Described herein are methods for preventing and/or repressing ectoparasites of animals. The methods include the application to the animal of an effective amount of a composition that includes: 4-tert-butylphenethyl quinazolin-4-yl ether (fenazaquin), 4chloro-5-ethyl-2-methyl-N-[(4-tert-butylphenyl)methyl]pyrazole-3-carboxamide (tebufenpyrad), 5-chloro-N-[2-[4-(2-ethoxethyl)-2,3-dimethylphenoxy]ethyl]-6-ethyl-4-pyrimidinamine (pyrimidifen). Fenazaquin, tebufenpyrad and pyrimidifen are thought to affect metabolism by inhibiting the mitochondrial electron transport chain by binding with Complex I at co-enzyme Q0 and represent a novel mode of action for ectoparasite control in animal health.
The unexpected anti-tick and anti-flea properties of certain mitochondrial electron transport inhibitors are of considerable significance since there are relatively few agriculture pesticides that can be effectively be used against ectoparasites of animals.
Compositions and processes for controlling ectoparasites of animals are described herein. The methods entail the use of compositions that include: 4tert-butylphenethyl quinazolin-4-yl ether (Formula I), 4-chloro-5-ethyl-2-methyl-N-[(4-tert-butylphenyl)methyl]pyrazole-3carboxamide (Formula II), 5-chloro-N-[2-[4-(2-ethoxyethyl)-2,3-dimethylphenoxy]ethyl]-6-ethyl-4-pyrimidinamine disclosed as formula III, to control ticks, mites, fleas, flies, and lice that infest animals.

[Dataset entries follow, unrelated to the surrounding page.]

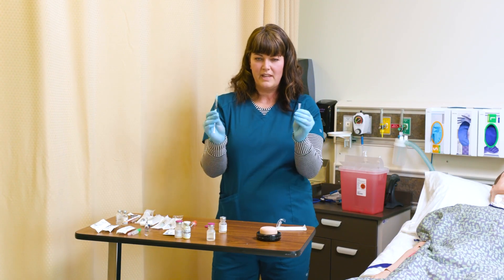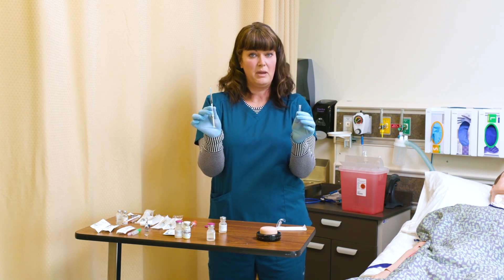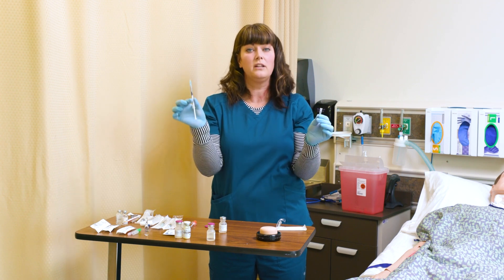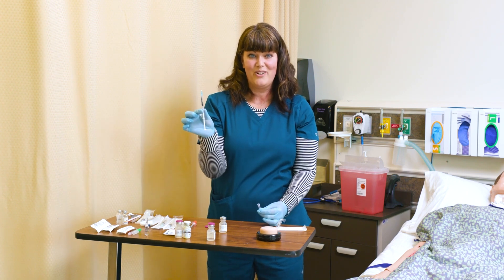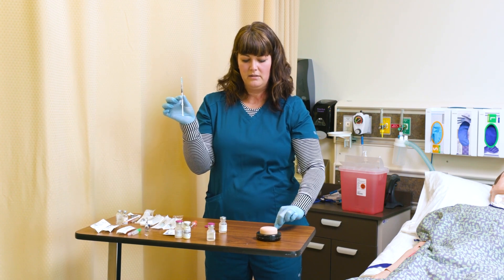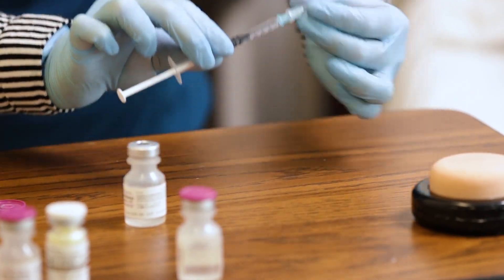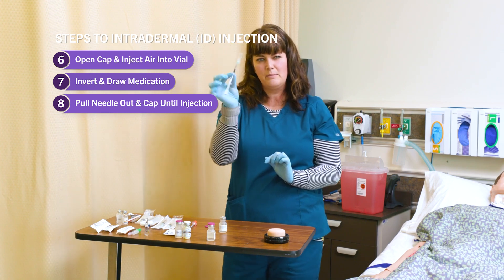This is now considered a clean needle — I have not injected it into my patient. If it were dirty, meaning after injecting the patient, it goes immediately into the sharps container. But I'm not going to walk around with an uncapped needle. To recap it safely, I set my cap down and do a one-handed scoop, scooping the cover back on and popping the lid on. Now I'm safe to carry this around.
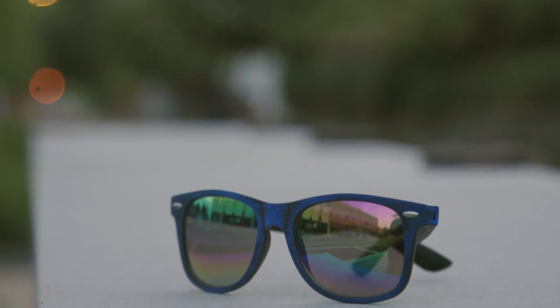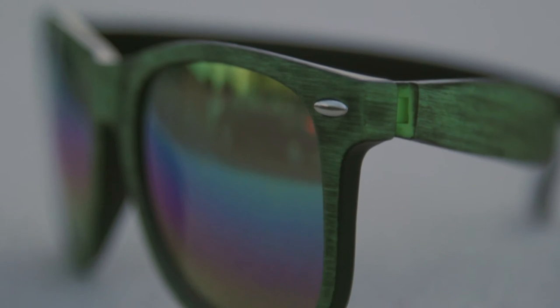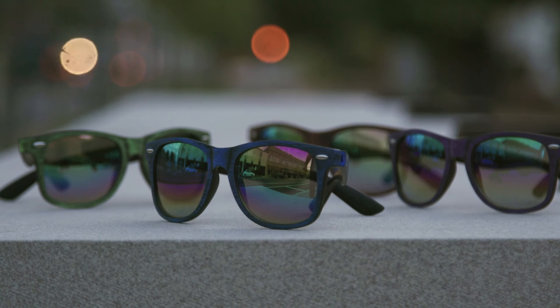The wood-tone mirrored Malibu sunglasses are made of a high-quality polycarbonate material. These mirrored lenses also feature UV400 protection against all UVA and UVB rays. These glasses are available in a variety of color options and pad print colors.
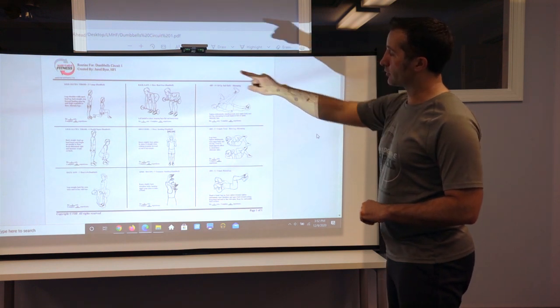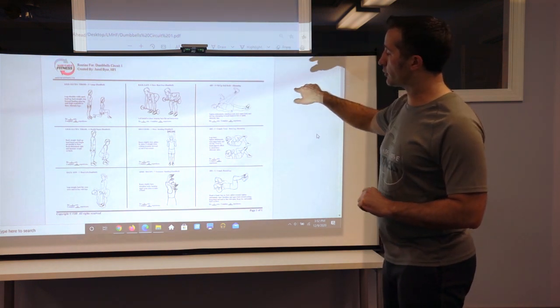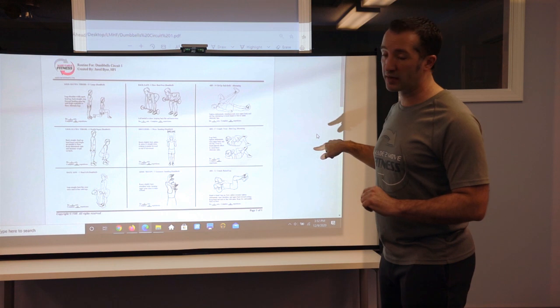You're going to go from left to right — lower body to upper body to core. If you did one set it would be exercises one through nine sequentially.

The compounds in Formula I, Formula II and Formula III are suitable for controlling arthropods which attack agricultural livestock such as, for example, cattle sheep, goats, horses, pigs, donkeys, camels, buffaloes, rabbits, chickens, turkeys, ducks, geese, other domestic animals such as, for example, dogs, cats, caged birds, aquarium fish and so-called experimental animals such as, for example, hamsters, guinea pigs, rats, and mice. By controlling these anthropods, cases of death and reductions in productivity (for meat, milk, wool, hides, eggs, and the like) can be lessened, so that more economical and simpler animal husbandry is possible.
The details of one or more embodiments of the invention are set forth in the accompanying description below. Other features, objects, and advantages of the invention will be apparent from the description and from the claims.

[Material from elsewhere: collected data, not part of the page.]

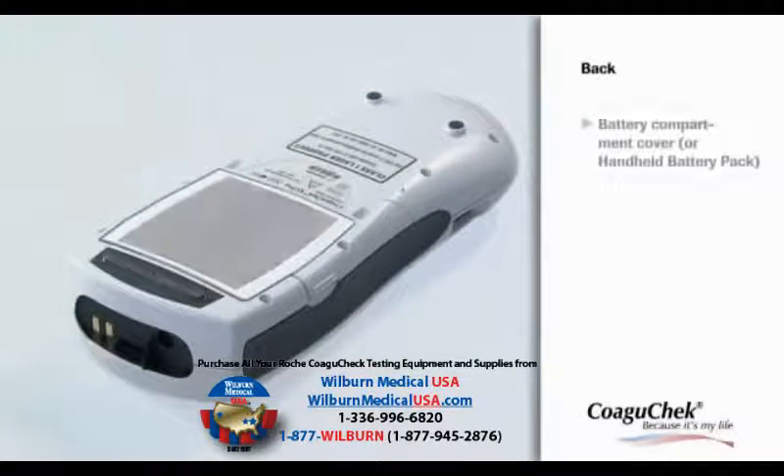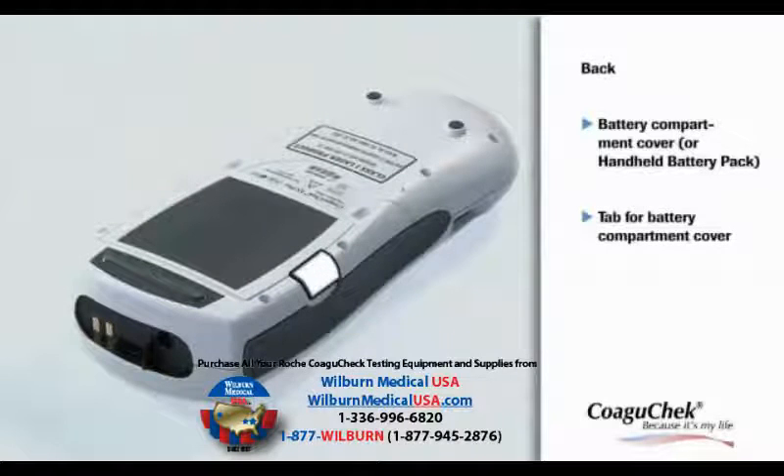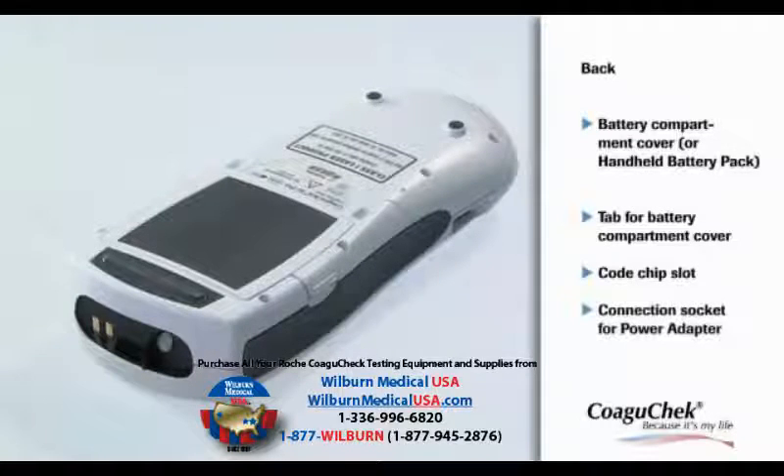At the back of the meter, you will find the battery compartment cover and a tab to lift the cover. The code chip slot is on the top of the meter — this is where the code chip has to be inserted. In the connection socket, you can plug in the power adapter.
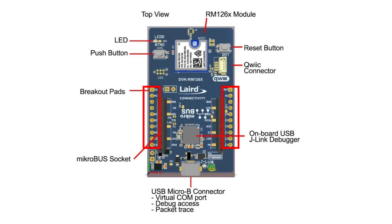There is also a micro-USB socket and quick connector for connecting external sensors, a breakout pad for GPIO access and connection to external hardware, and the reset button. That was the RM126X dev kit unboxing experience. For more information on this product, please visit our web page lairdconnect.com and check out the LoRaWAN module section.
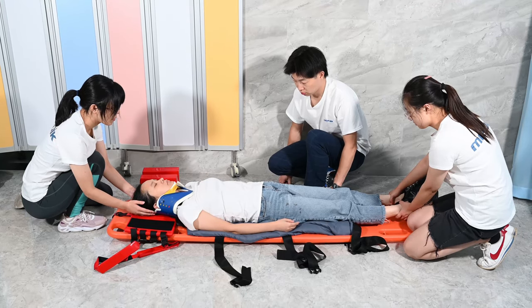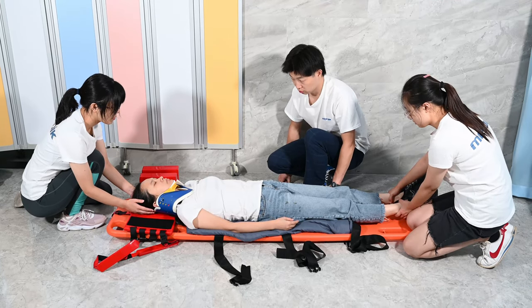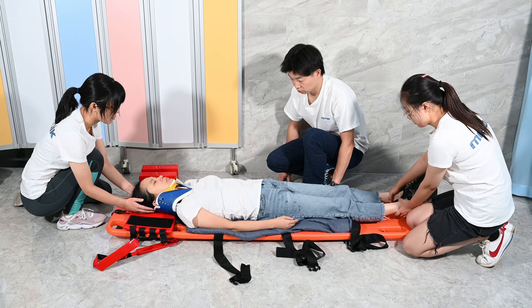Alright, right now we are going to fix the head and finish all straps of the patient. Then we uplift the board.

Several compounds having activity as mitochondrial complex 1 inhibitors were commercialized in the 1990s for the purpose of protecting crops and other plants from predation by plant pests such as spider mites (e.g., two spotted spider mite) or rust mites (e.g., apple rust mite). These compounds include fenazaquin (4-tert-butylphenyl quinazolin-4-yl ether), tebufenpyrad (4-chloro-5-ethyl-2-methyl-N-[(4-tert-butylphenethyl)methyl]pyrazole-3-carboxamide), pyrimidifen (5-chloro-N-[2-[4-(2-ethoxyethyl)-2,3-dimethylphenoxy]ethyl]-6-ethyl-4-pyrimidinamine), fenpyroximate (tert-butyl 4-[[(1,3-dimethyl-5-phenoxy-pyrazol-4-yl)methylideneamino]oxymethyl]benzoate), pyridaben (4-chloro-2-tert-butyl-5-[(4-tert-butylphenyl)methylsulfanyl]pyridazin-3-one) and tolfenpyrad (4-chloro-3-ethyl-1-methyl-N-[4-(p-tolyloxy)benzyl]pyrazole-5-carboximide).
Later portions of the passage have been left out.